Едва лишь он отъехал, как Екатерина объявляет о приезде самого желанного гостя – Иосифа II. По своему обыкновению тот странствует под вымышленным именем графа Фалькенштейна и хочет поэтому, чтобы с ним обращались как с простым путешественником. Он поднимается на борт в Кайдаке и, как и все, попадает под необычайное очарование речного плавания. Конечно, он посмеивается над театральным характером путешествия, но затем, однако, про себя признает, что Россия поражает богатством и необозримостью пространств. Зависть острой иголочкой колет его рекламируемые дружеские чувства к Екатерине. На торжественную церемонию закладки будущего города Екатеринослава[139] собрались губернатор, сановники, духовенство. Положив первый камень, Екатерина предлагает Иосифу II установить на место второй. Возвратив ей мастерок, тот повернулся к Сегюру и шепотом произнес: «Императрица уложила первый камень, а я – последний». Однако его пророчество не сбылось – город быстро строится и развивается. «Мы у себя в Германии и Франции никогда не осмелились бы предпринять то, что делается здесь, – с досадой замечает Иосиф II. – Здесь не считаются с человеческой жизнью и трудами; здесь строят дороги, порты, крепости и дворцы на болотах; в пустынях сажают леса; все это делают, не платя работникам, которые не ропщут, хотя и лишены всего, спят на земле и зачастую страдают от голода… Хозяин приказывает, раб подчиняется… Кроме того, Екатерина может тратить сколько ей заблагорассудится, при этом никогда не влезая в долги. Ее деньги стоят столько, сколько она хочет, чтобы они стоили: она может начеканить монет хоть из кожи».[140]

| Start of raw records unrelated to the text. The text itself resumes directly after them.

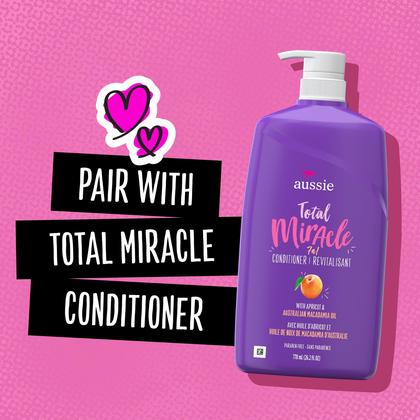 Imagem de Shampoo Aussie Total Miracle com óleo de damasco e macadâmia 770mL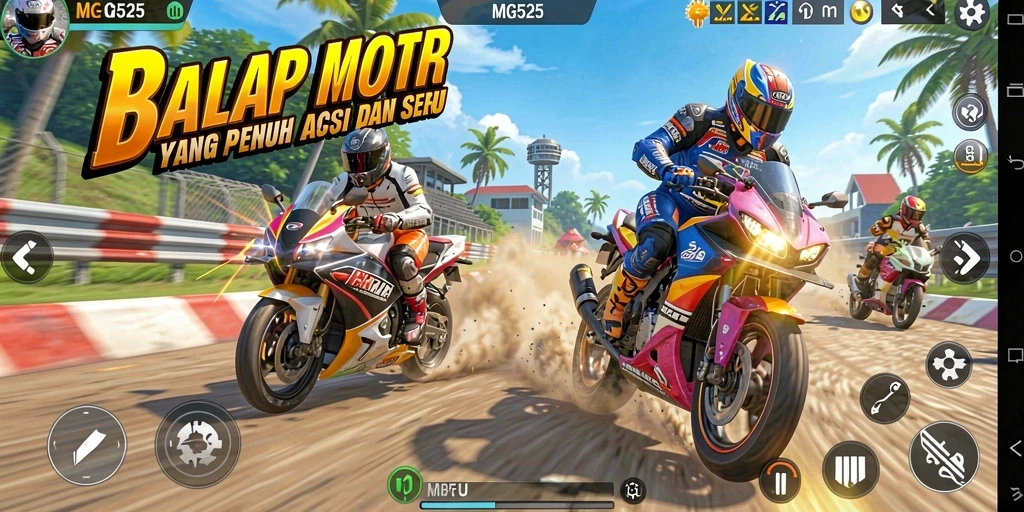 Screenshot MG525 menampilkan aksi balap motor yang mendebarkan.
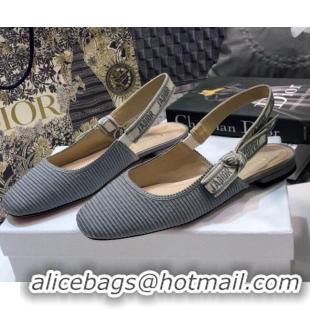 Sumptuous Dior x Moi Slingback Ballerinas Flats in Grey Ribbon Embroidered Cotton 042734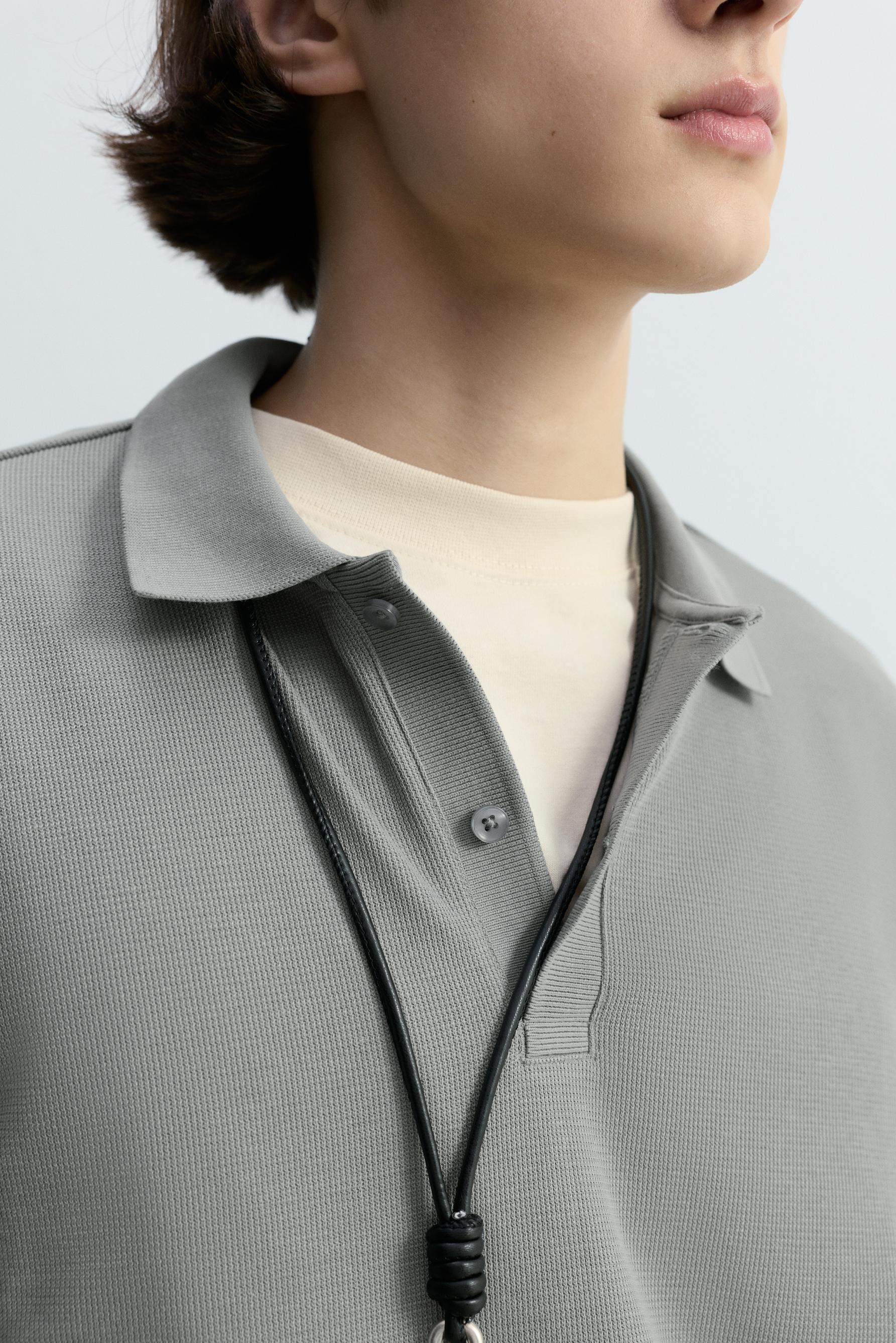 Basic textured polo shirt — BLUE GREY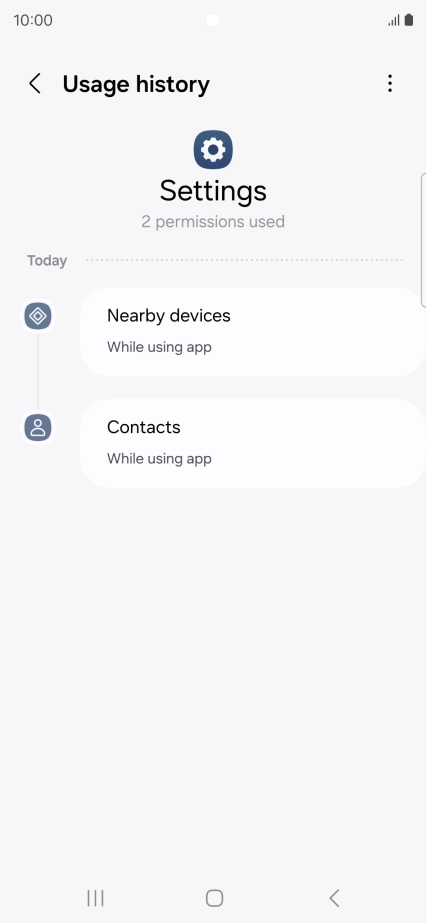 The app activity for the selected app is displayed. The app activity for the selected app is displayed.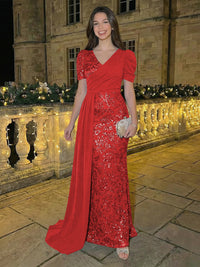 Sheath/Column Short Sleeves V-Neck Maxi Evening Dresses with Chiffon Train & Floral Sequin Embroidery
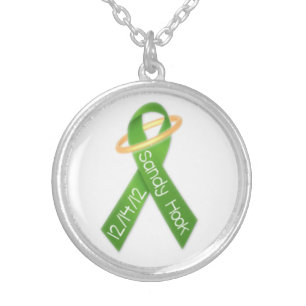 Remember Sandy hook 12/14/12 green ribbon necklace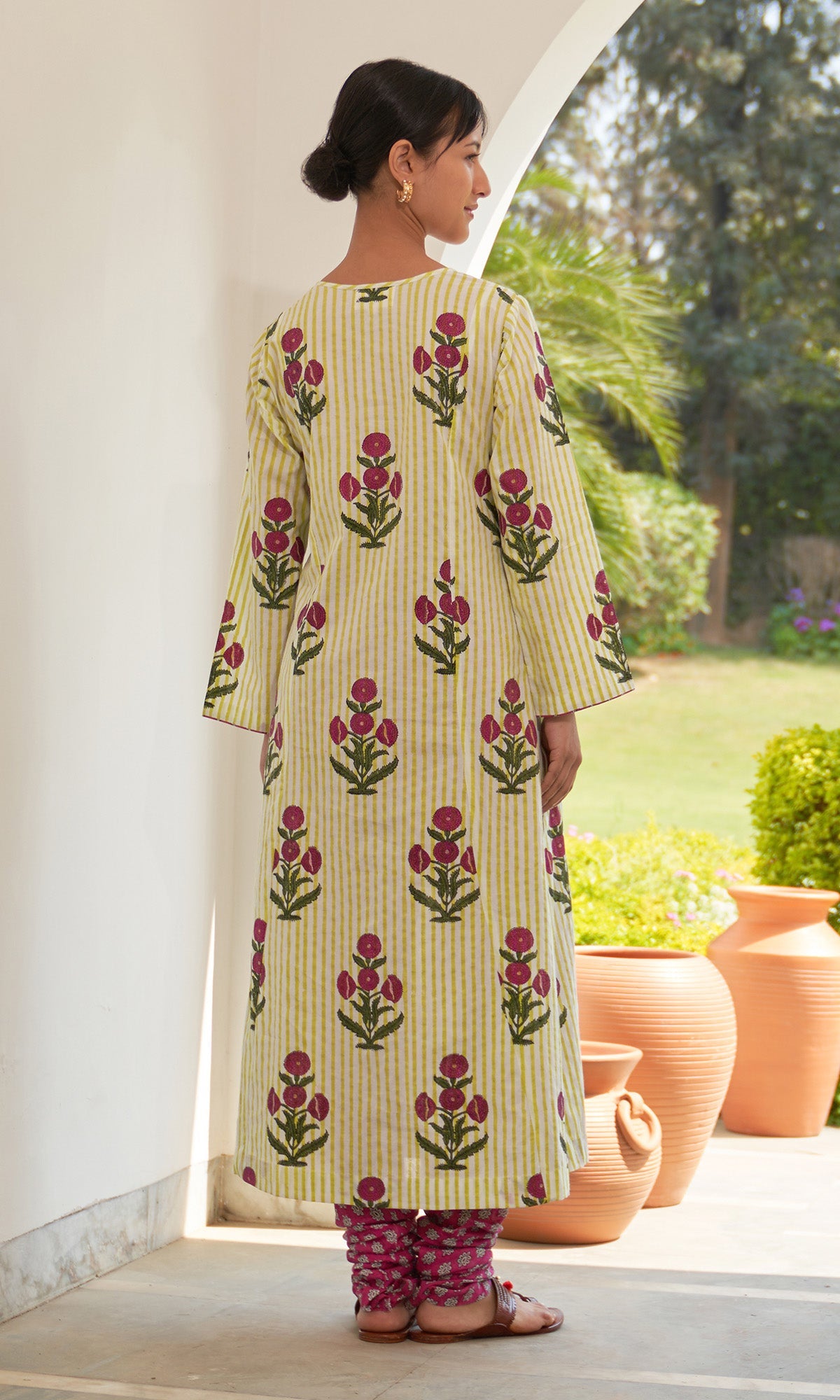 Iris Cotton Neon Green Hand Block Printed Long Kurta With Chooridar And Dupatta (Set Of 3)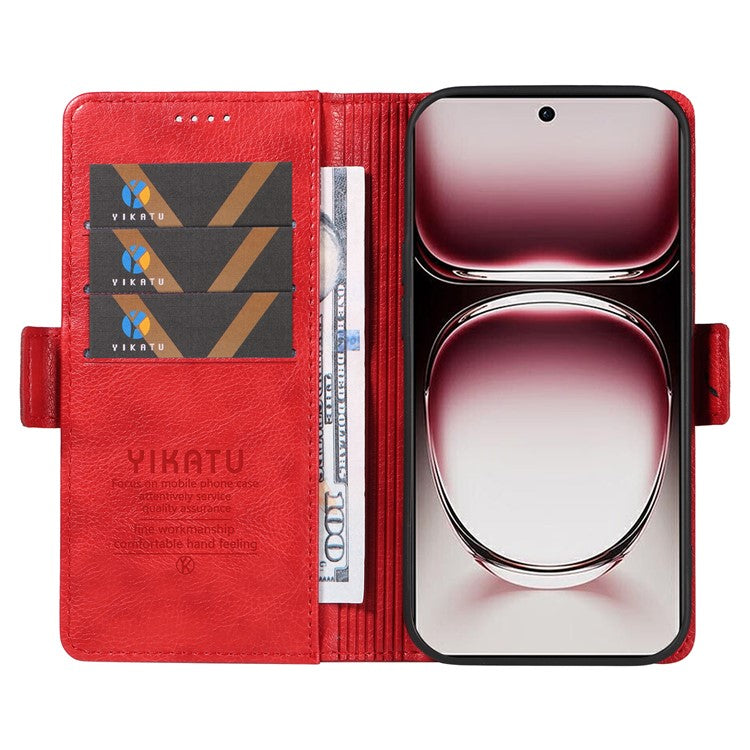 YIKATU YK-007 For Oppo Reno12 Pro 5G (Global) / (China) Phone Case Litchi Texture Leather Cover - Red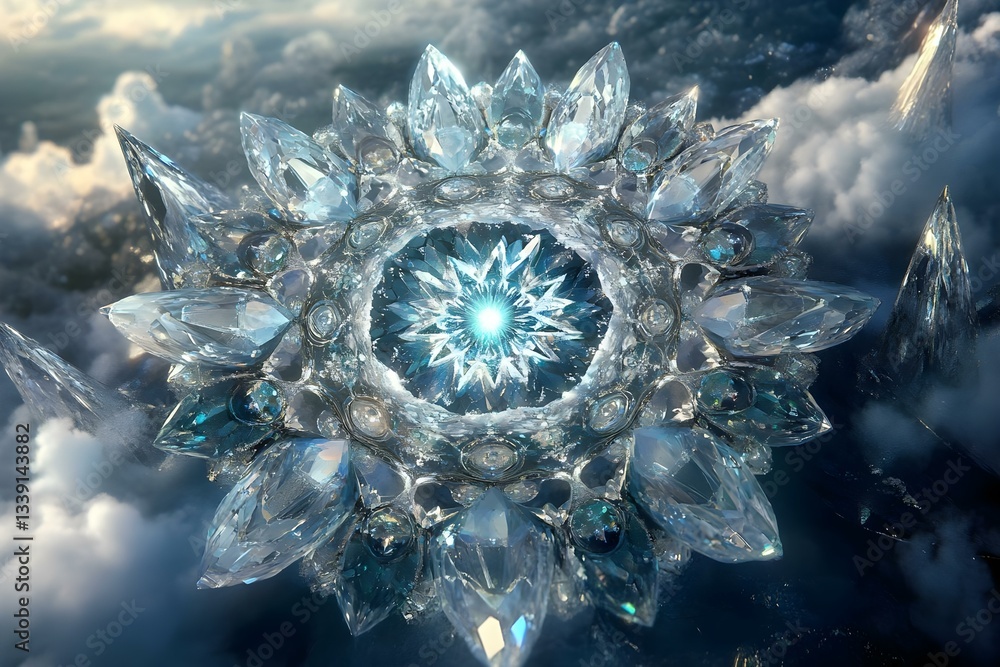 Poster a stunning, intricate crystal structure resembling a snowflake, surrounded by clouds and luminous li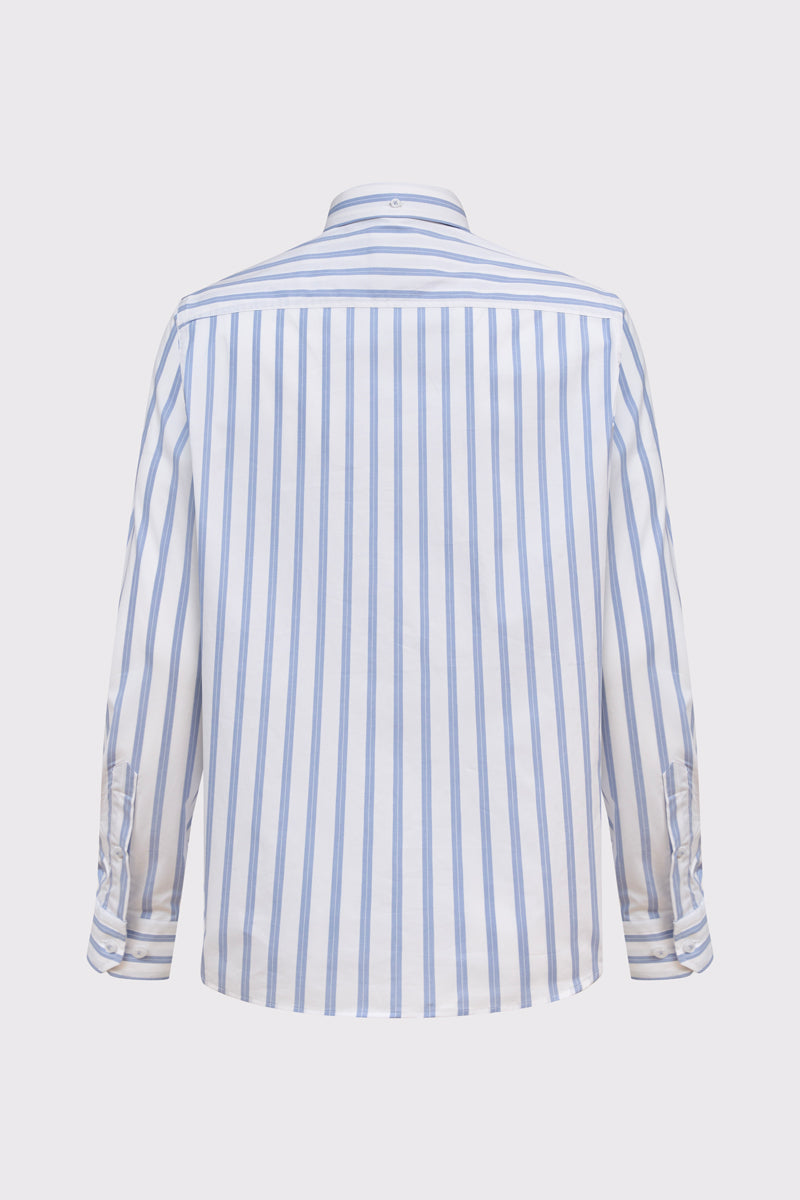 Męska bawełniana koszula Campione w niebieskie pasy Modern Fit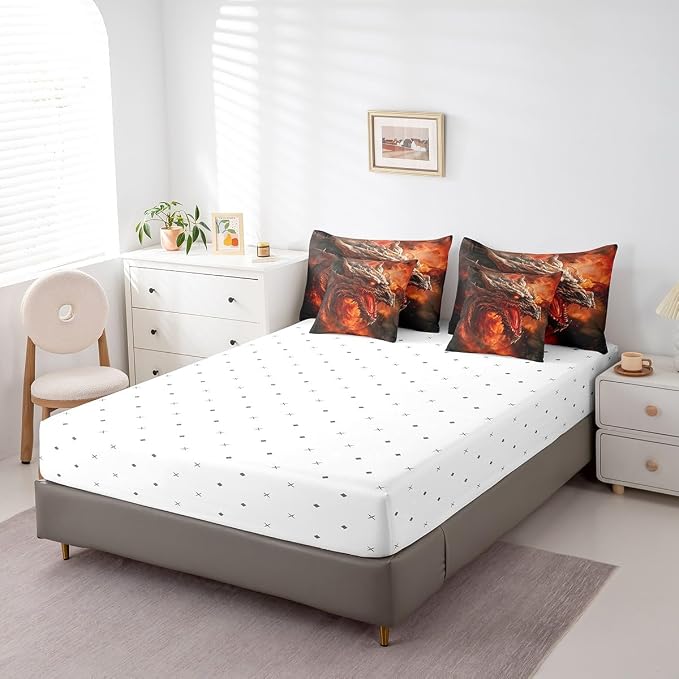 7 Pieces Comforter Set King Size, Red Fire Dragon Bedding Bed in a Bag with Flat Sheet and Fitted Sheet for Kids and Adults, 3D Fire Dragon Comforter Set with Sheets, Pillowcases & Pillow Covers - Image 5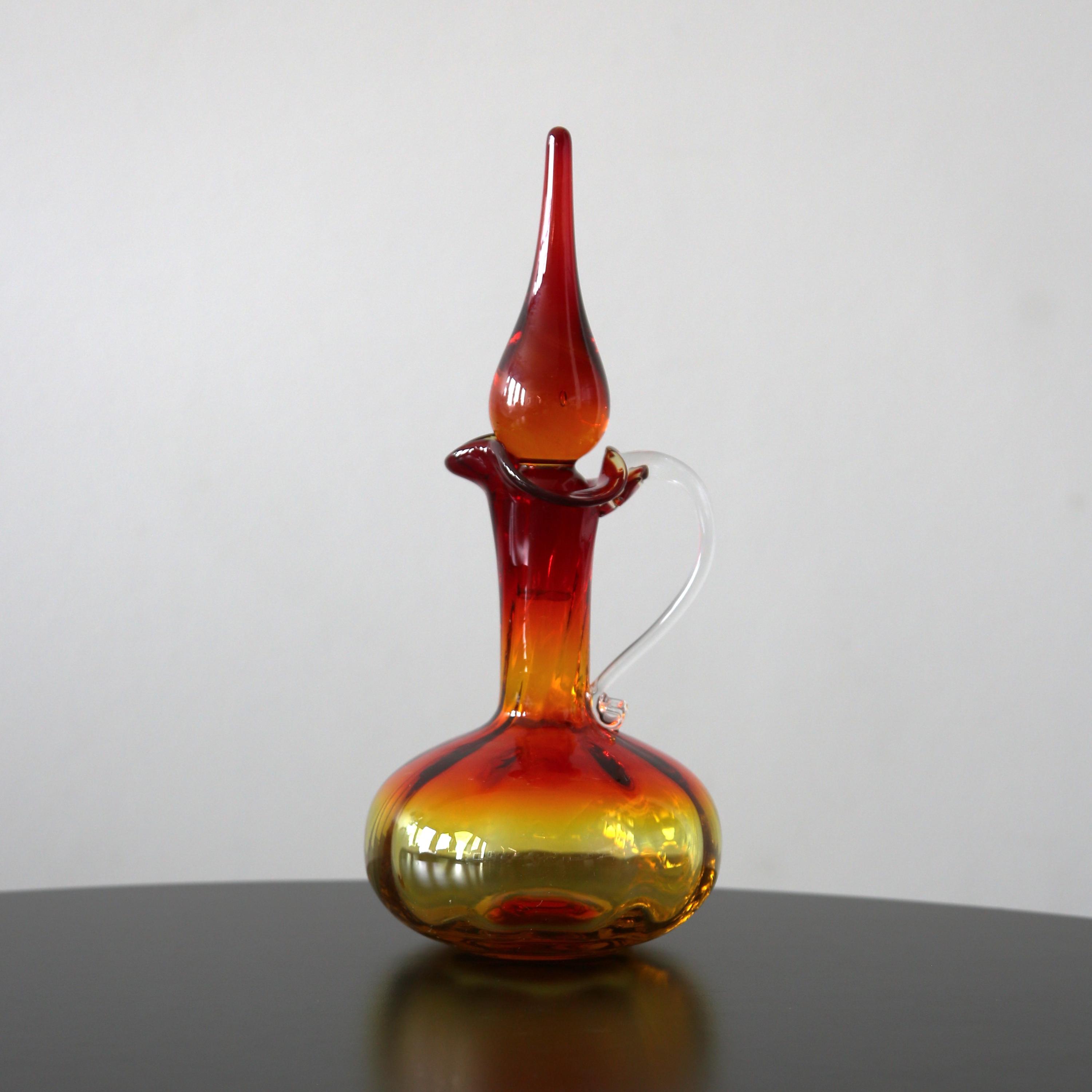 MCM Amberina Art Glass Decanter With Stopper, Mid Century Genie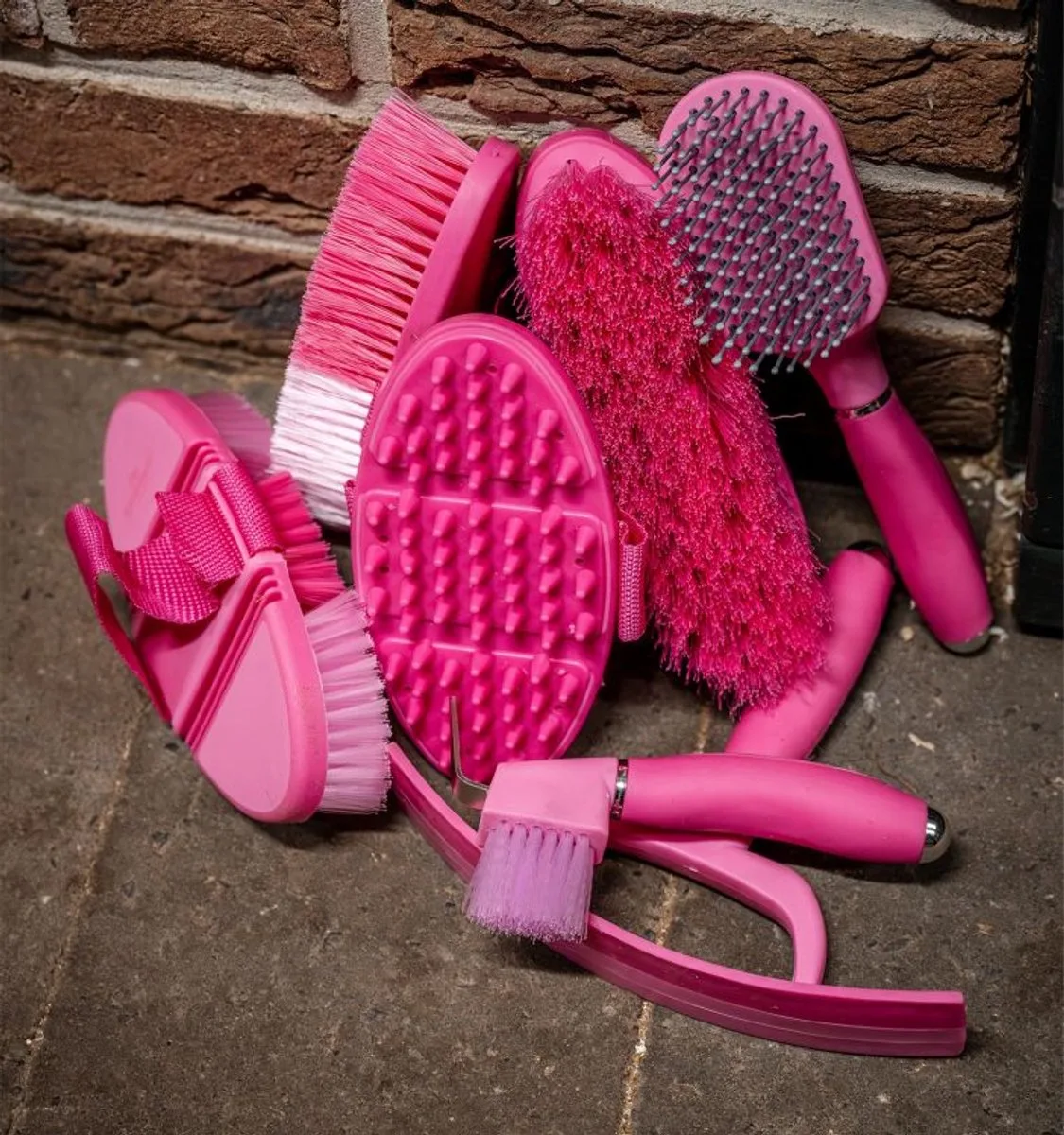 Newmarket Grooming Borstelset de Horseware en Fuchsia – photo produit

В Кодаке пороги перегораживают течение Днепра. Покинув барки, вся компания продолжает движение по дороге, через степь. Вряд ли путешествующий там иностранец может отделаться от тревожного ощущения того, насколько ничтожен он в этих бескрайних зеленых просторах под огненно-ярким небом. Вокруг – никакого жилья, и начинает казаться, что он уже навсегда покинул мир людей. Он беззащитен, отдан во власть солнца, трав, пыли и ветра. И как же легко становится у него на душе, когда он видит, что на горизонте вырисовывается хоть какая-то горочка, появляется хоть какая-то деревенька! Прибытие в Херсон воспринимается всеми как победа над угнетающим однообразием южных степей. Екатерина ликует. Всего лишь шесть лет прошло с тех пор, как это поселение попало в руки русских, а Потемкин уже успел превратить его в город первостепенного значения. Город белых домов и прямых улиц с пышной, буйной зеленью. Сотни торговых судов в бухте покачивают своими мачтами, склады на пристанях ломятся от товаров, не умолкает звон колоколов, народ самого разного обличья теснится на улицах, в крепости пушки нацелены на море, на морской верфи строятся два больших военных корабля. Сегюр, обежав магазины и лавочки, с изумлением находит в них товары последней парижской моды. Императрица хочет проехать дальше до Кинбурна, расположенного напротив Очакова, однако небольшая турецкая эскадра бросила якорь рядом с оттоманской крепостью – и Ее величество благоразумно отказывается от такой вызывающей затеи, ведь еще так много надо осмотреть в самой округе! После нескольких дней отдыха караван вновь отправляется в путь, к Перекопу.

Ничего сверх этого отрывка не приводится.